Ben çocukluğumdan beri çok parti, çok hükümet, oldukça sayıda sıkıyönetim, askeri darbe gördüm ama milletin bunca bölündüğü ve bunca sayıda insanın anlamsızca savunmalar ve saldırılarla taraf tuttuğuna rastlamadım. Tarafların bu kadar küfürlü, belden aşağı, hınç, kin dolu konuştuğuna, yazıştığına da şahit olmadım.

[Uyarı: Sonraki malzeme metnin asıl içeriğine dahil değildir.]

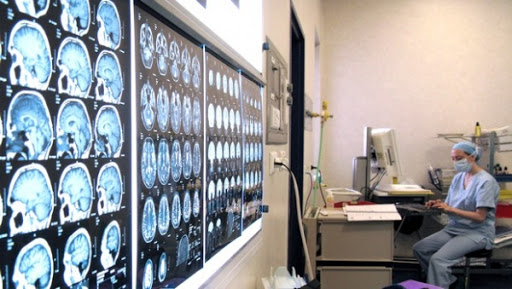 Création prochaine de la Fédération nationale des neurologues libéraux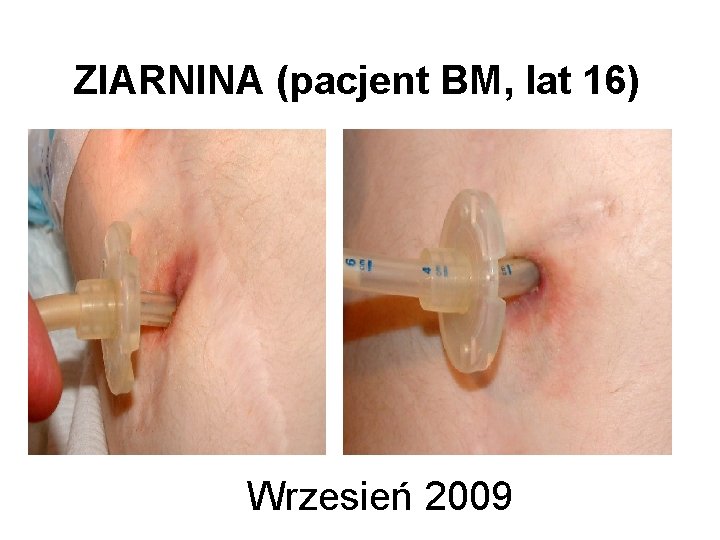 ZIARNINA (pacjent BM, lat 16) Wrzesień 2009 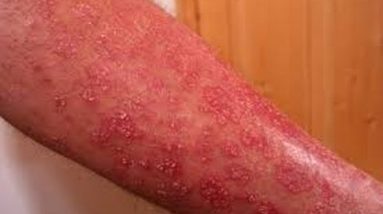 Eczema in Control | Best Eczema Remedies 4 1681294796 hqdefault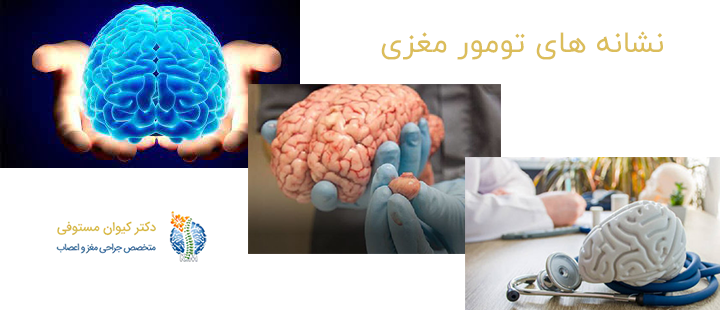 درباره نشانه های تومور مغزی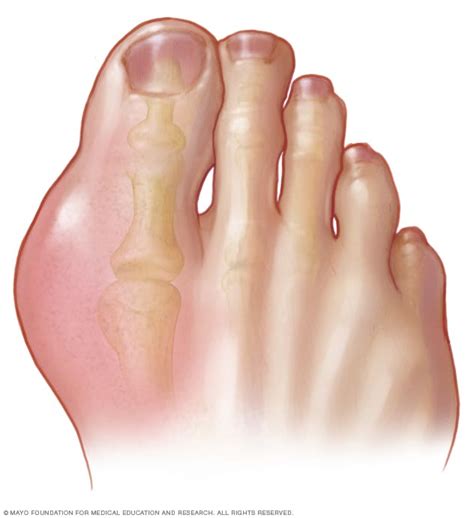 Gout Symptoms And Causes Mayo Clinic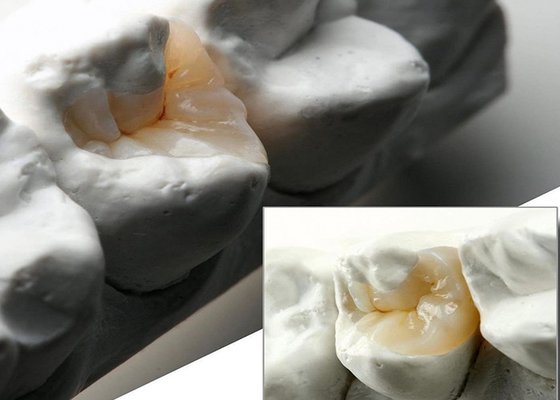 Buy Natural Looking Ceramic Inlays and Onlays for Precise Dental Restoration from Our Expert Dental Lab online manufacture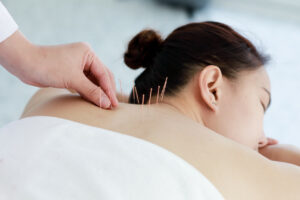 The hand of a doctor performing acupuncture therapy on a woman.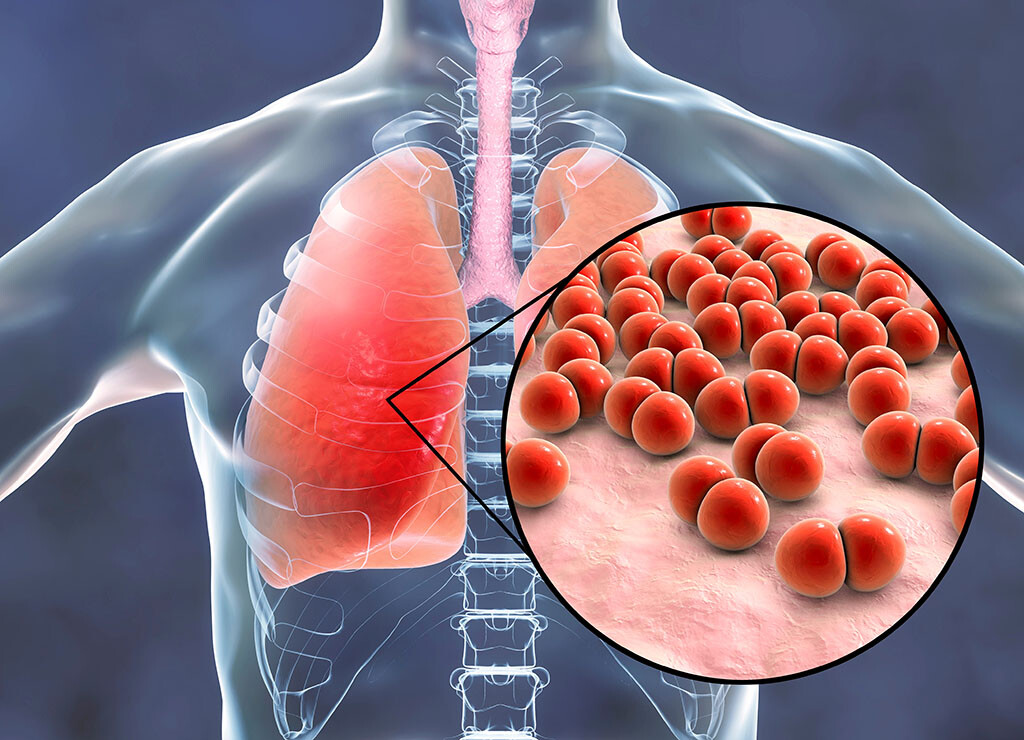 Pneumokokken-Pneumonie: Bakterien verursachen eine Lungenentzündung. © Kateryna Kon / shutterstock.com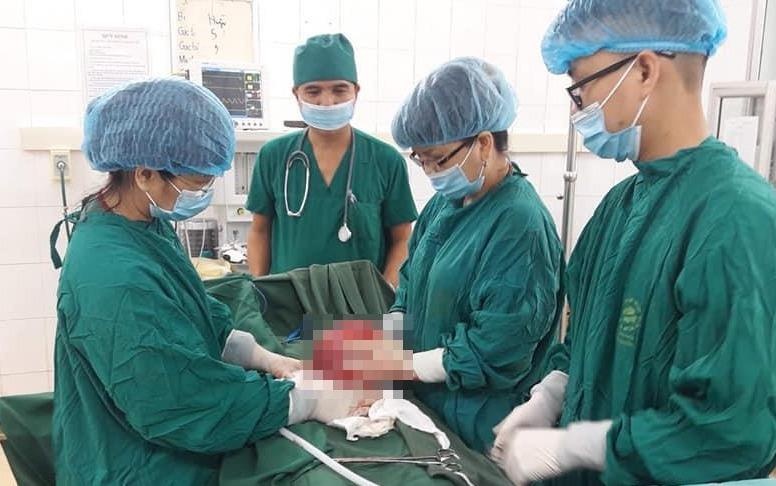 U xo tu cung lon nhanh nhu thoi vi uong nhieu mam dau nanh hinh anh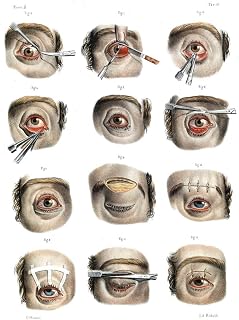 Corrective Eye Surgery for the Treatment of Blepharoptosis and Ectropion Composition Notebook: Wide Ruled Note-Taking Book (Old Medical Illustration Composition Notebooks)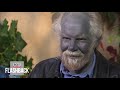 Why This Man’s Skin Turned Blue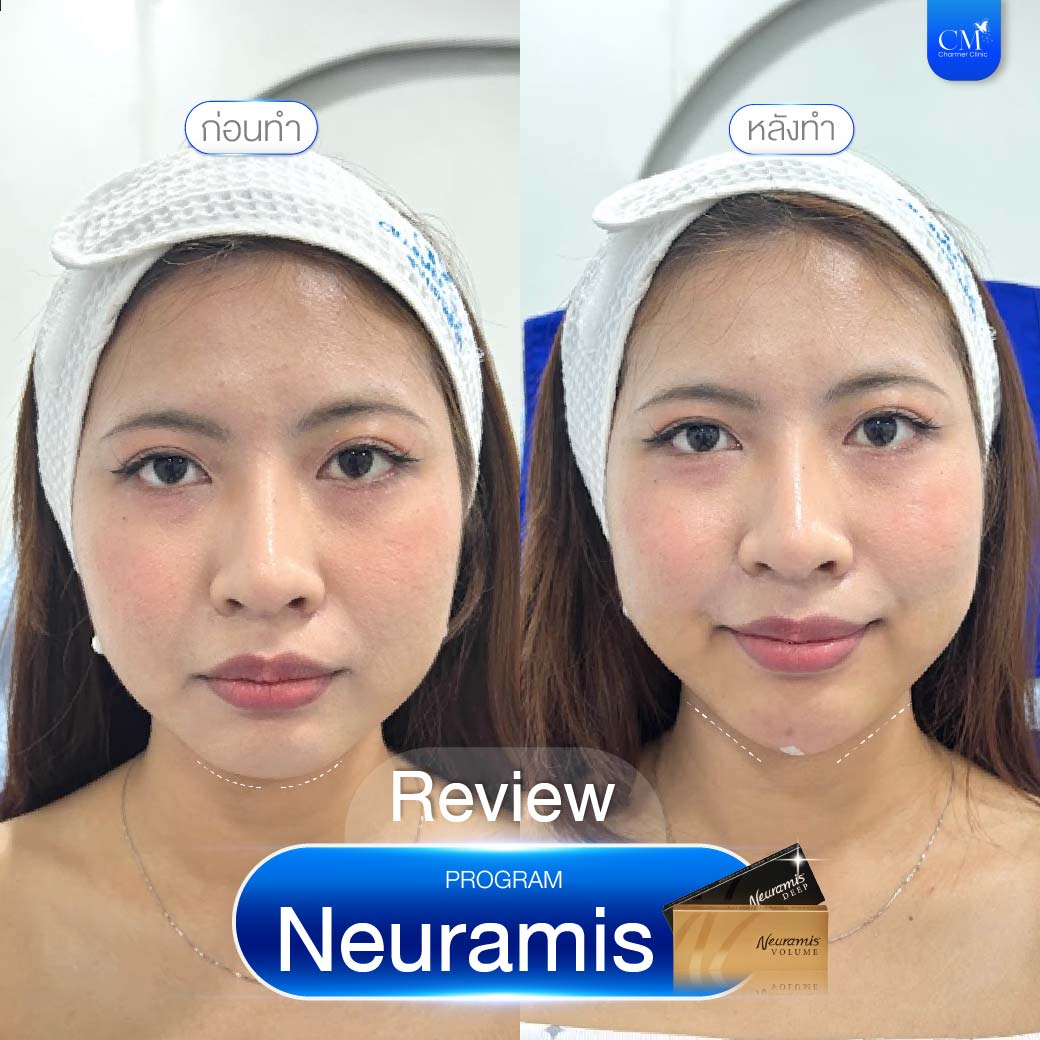 รีวิวฉีดฟิลเลอร์ Neuramis คาง Before After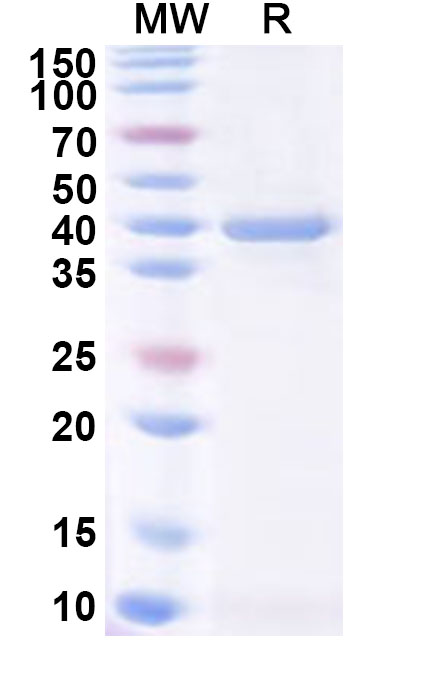 SDS-PAGE for Recombinant PDCoV NSP7 Protein, N-GST & C-His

Israrla diyorum ki; bu seçimin kazananı yoktur. Evet bir parti iktidar, diğerleri de muhalefet olmuştur. Birileri dört sene daha ülkeyi isterse uçuracak, isterse süründerecek, isterse ağlatıp, isterse güldürecek, isterse ülkeyi âdil feraha kavuşturacak, isterde satıp savacak zamanı kazanmıştır. Ama bana göre; bir seçimin neticesinde önemli olan hangi partinin değil, ülke insanlarının ne kazandığıdır ve Türkiye bu seçimde milli birlik, beraberliğini, ideal ortaklığını, gelecekle ilgili müşterek hayâllerini, geçmişle illgili hafızasını tamamen kamplara ayırmış ve bir bütün olarak bakınca kaybetmiştir… ve bunu tedavi etmek, tekrar aydın, üretken, çalışkan, dürüst, birbirine inanan ve güvenen bir millet topluluğu yaratmak artık mucizedir. Mucizeler gerçekleşmez değil ama önce o mucizelere inanan ve destek verecek insanlar gerek. Özetle: Türk halkı bu seçimde kaybetmiştir.